[[ Provided records, beginning ]]

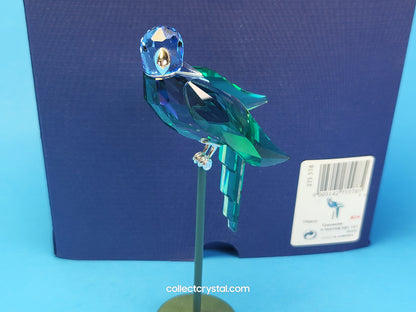 PARADISE BIRDS – OBJECT BARACOA TANZANITE 275578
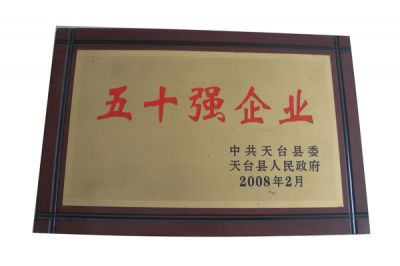 2008年五十强企业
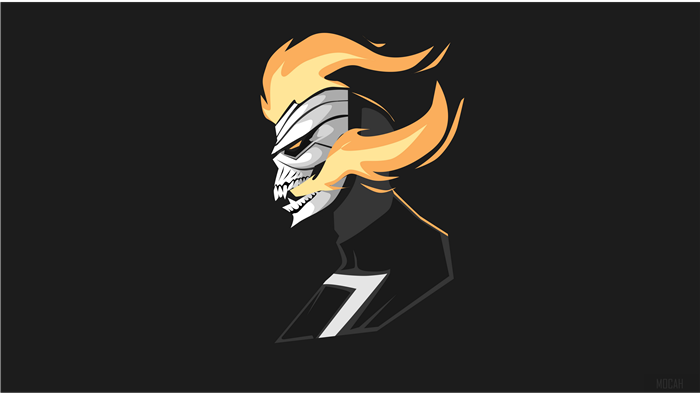 Ghost Rider Skull with Fire 4K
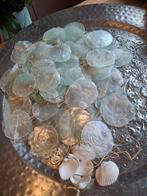 Schelpen, decoratie, interieur, Huis en Inrichting, Ophalen of Verzenden
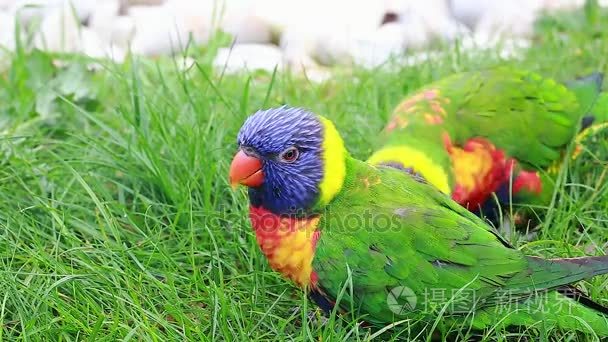 彩虹澳洲鹦鹉吃草视频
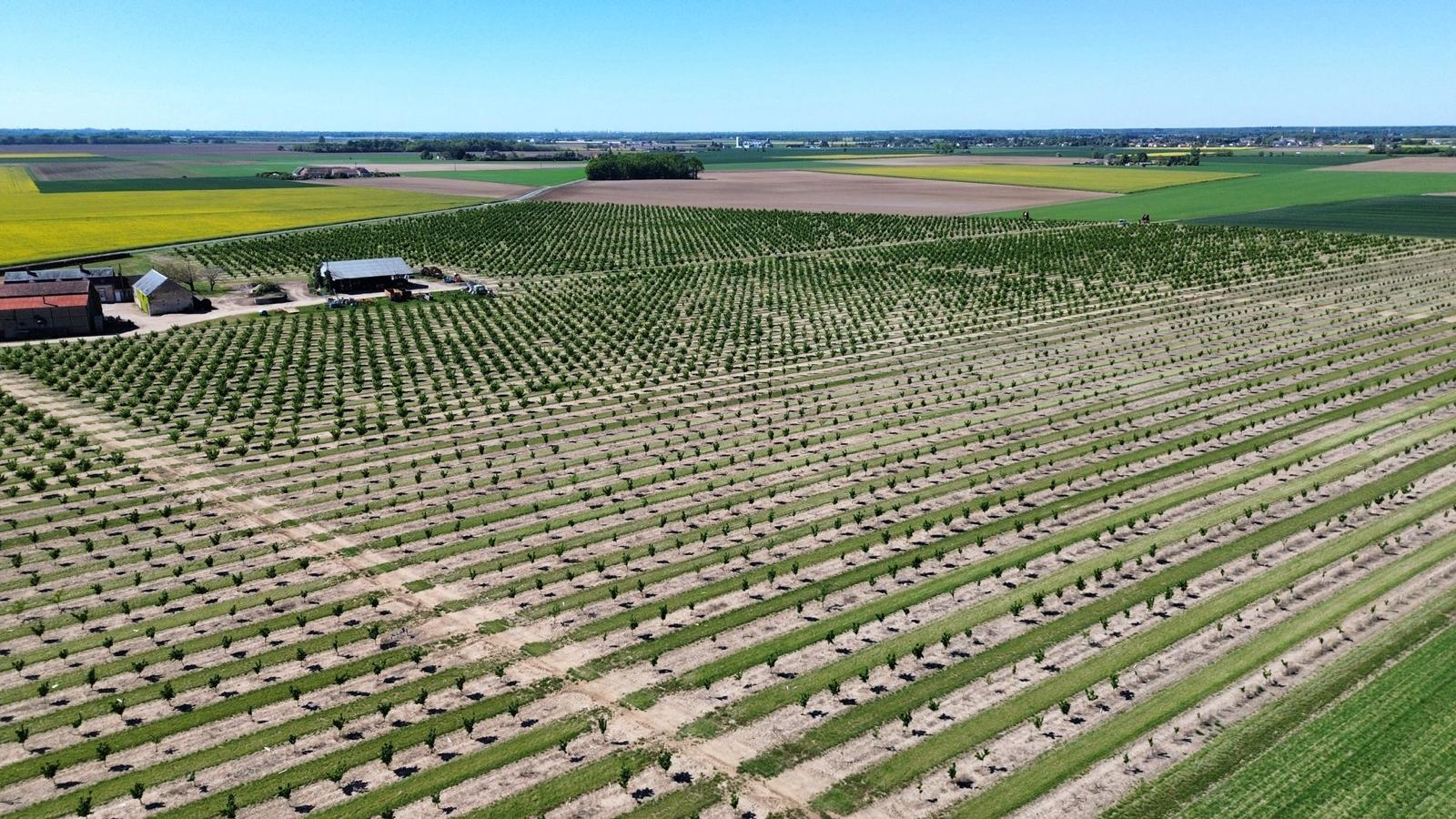 Plantation of 8 hectares of hazelnut trees in the Loiret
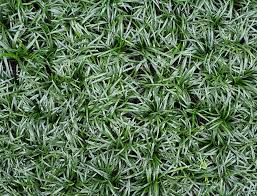 Image result for Ophiopogon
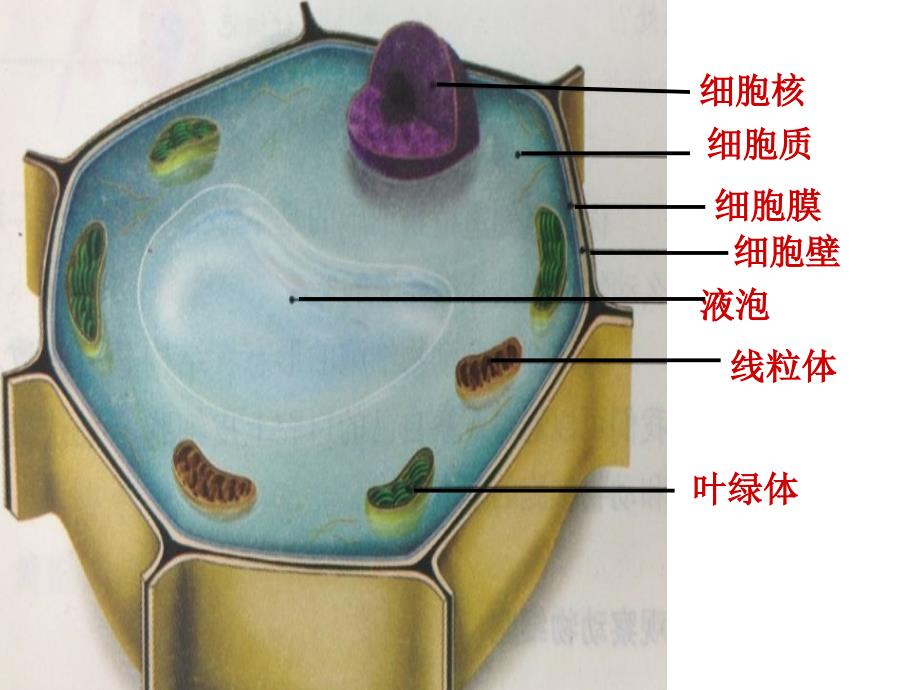 教育专题：213动物细胞 (2)_第1页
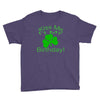 kiss me i't my birthday pi Youth Tee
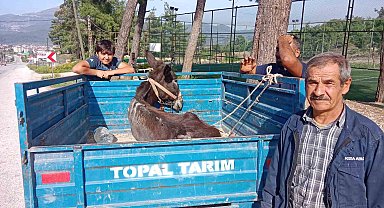 'Karakaçan'ın patpat römorkundaki veteriner yolculuğu yürekleri ısıttı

[[ Provided records, end ]]

Exercise description:
Copy exactly the lines that run from the line containing "Ghost Rider Skull with Fire 4K" to the end of the data, keeping both end lines and dropping every picture.

Solution to this problem:
 Ghost Rider Skull with Fire 4K
 Schelpen, decoratie, interieur, Huis en Inrichting, Ophalen of Verzenden
 彩虹澳洲鹦鹉吃草视频
 Plantation of 8 hectares of hazelnut trees in the Loiret
 Image result for Ophiopogon
 教育专题：213动物细胞 (2)_第1页
 kiss me i't my birthday pi Youth Tee
 'Karakaçan'ın patpat römorkundaki veteriner yolculuğu yürekleri ısıttı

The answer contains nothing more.